With new data in this week on the continued decline of global education financing, I'm not sure we can. Here are the basics released from the Global Education Monitoring Report at UNESCO:
- Aid to basic education -- declining since 2010 -- went down again by almost 600 million, or 4%, between 2013 and 2014
- Since 2010, aid to basic education (including pre-primary and primary, & basic life skills) has decreased 14%
- In general, education fell further down the list of priorities for donors (going from 9.5% to 8.2% of total aid)
- While aid to basic education continued to fall, total aid increased by 9%
Aid from bilateral donors to basic education is down by 12%. France, Japan, the Netherlands, and Spain decreased their aid to basic education by 40% or more.
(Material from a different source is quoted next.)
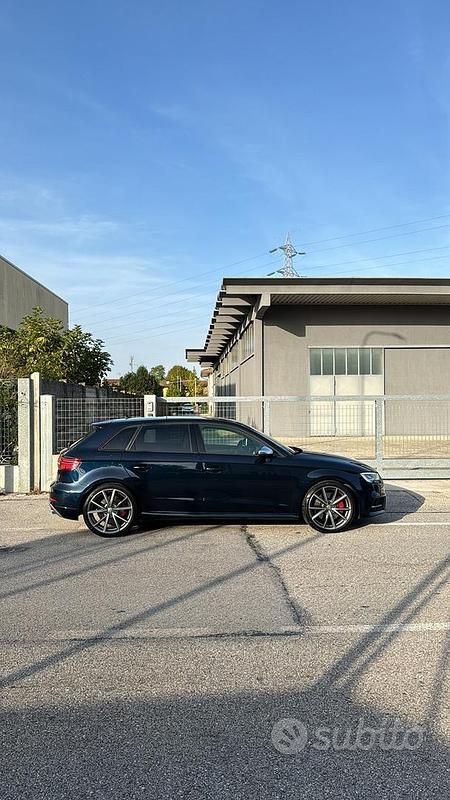Usata Audi S3 Ambiente 310 CV (228 kW) 2018 Blu Berlina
The UK, after reducing its basic aid education by 21%, has lost its place as the top bilateral donor to basic education.
These donors and others may cite shrinking aid budgets or the financial crisis, or a growing reliance on recipient country budgets, but honestly no one believes these simple narratives because the overall numbers tell a far more complex and longer-term story.
In part, this is because that's not what leaders actually say about education. Though overall donor ambition on basic education has stalled you would be hard pressed to find a single donor who would not list education as one of the top priorities for the poorest children and countries. This inconsistency is what I have called in the past the 'not so secret shame of the global education sector.' But last year when I said it there were 58 million children out of school, now there are 59 million.
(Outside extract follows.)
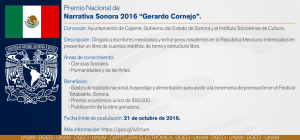 México / Premio Nacional de Narrativa Sonora 2016 “Gerardo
There is every reason to expect that this estimate of out-of-school children is low and continuing to rise. The impact of decreasing resources overall and emergencies like the war in Syria that have forced millions of children to put their futures on hold practically guarantee that we are moving backward. But perhaps the worst part of this story is that the aid that hasn't been cut is still not going where it is most needed.
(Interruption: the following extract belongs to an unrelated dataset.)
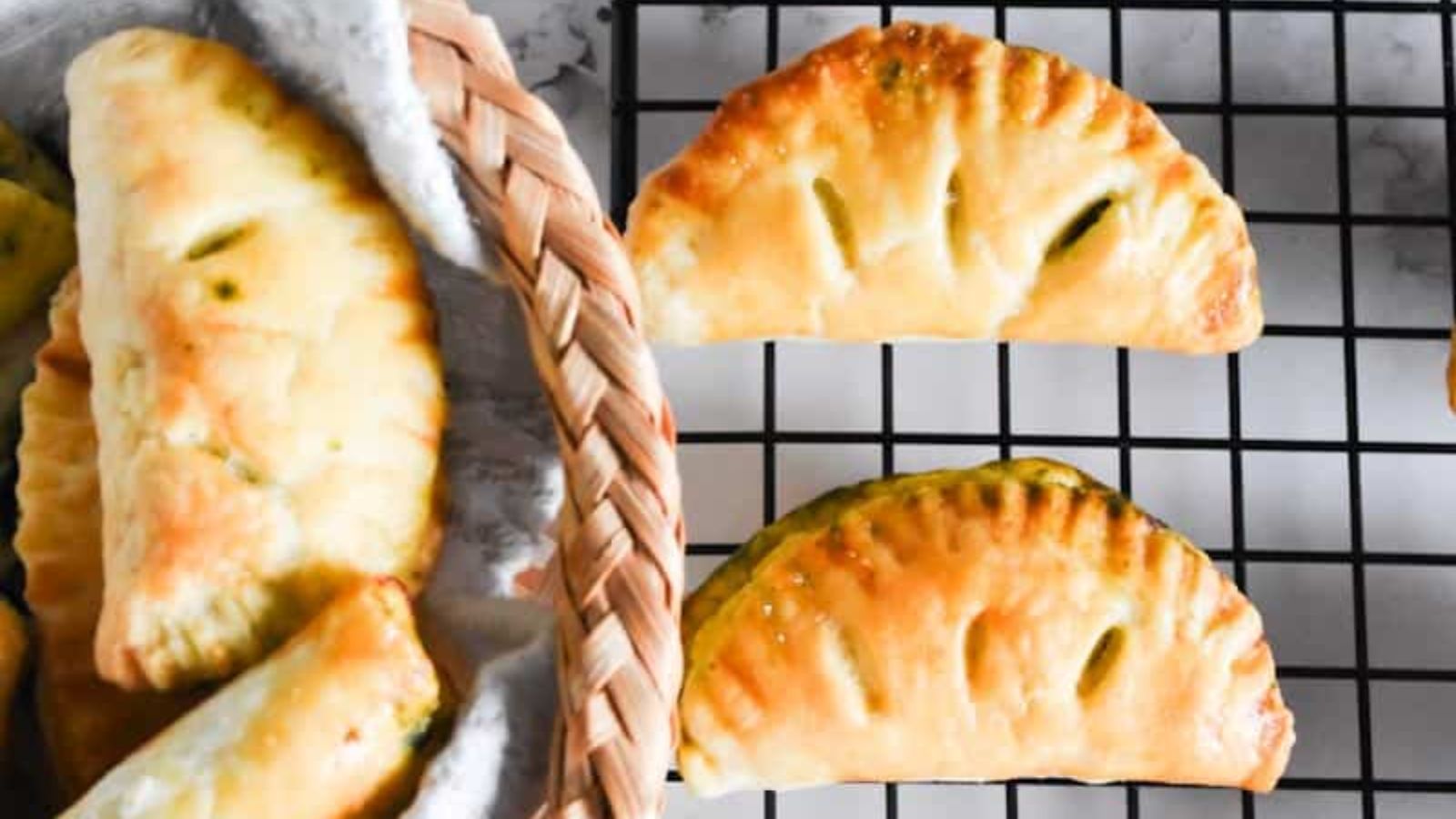 Sourdough pies close up.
Less aid is going to the poorest countries now than in 2002-3. Basic education aid to sub-Saharan Africa has fallen from 49% in 2002-3 to 28% in 2014 -- despite the fact that the region is home to more than half of out-of-school children globally.
It is the already marginalized and increasingly vulnerable children -- children for whom an opportunity to learn means the difference between hope and a life of exploitation and fear -- that we continue to leave behind.
How do we reverse this trend?
The first opportunity is The Education Crisis Platform and Breakthrough Fund called for by leading civil society organizations. The Platform and Fund will be launched in May at the World Humanitarian Summit in Istanbul and the world's leading education experts, NGOs and campaign organisations are urging significant new financing to support this launch.
The mass displacements caused by the war in Syria have drawn a fine point on the need to think long-term about humanitarian crises. Evidence on the relationship between education inequality and conflict also drives home the point that making educational opportunities an important part of humanitarian response is a critical part of efforts to protect children and communities and to mitigate violence and enable future rebuilding.
The second opportunity is The International Commission on Financing Global Educational Opportunity. The Education Commission was created by Norway to reverse the negative trends in education financing around the world by making a strong case for investment and will give its report in September 2016 at the United Nations General Assembly.
While The Commission report will collate and build on existing evidence, a great deal of the case for investment is known. In particular, that early investments (in pre-primary and primary education) have the largest returns in terms of economic and equity outcomes. The numbers are clear. Increasing pre-primary enrolment to 50% in every low- and middle-income country would result in an 8%-18% return on investment.
Investments early in life and in emergency contexts are critical to ensuring all children realize their right to education. These are the investments that protect children and create equal opportunities for those from the poorest families, girls and those with disabilities who may otherwise be left or fall behind. In soaring rhetoric as well as in hard evidence, it is these investments -- which grow economies and lift families and communities out of poverty -- that donor aid was created to make.
The donors that commit significant new resources at the World Humanitarian Summit and those that immediately begin making decisions based on the evidence of The Education Commission will show the consistent leadership necessary to begin to turn this crisis around and end the hypocrisy between rhetoric and resources in global education.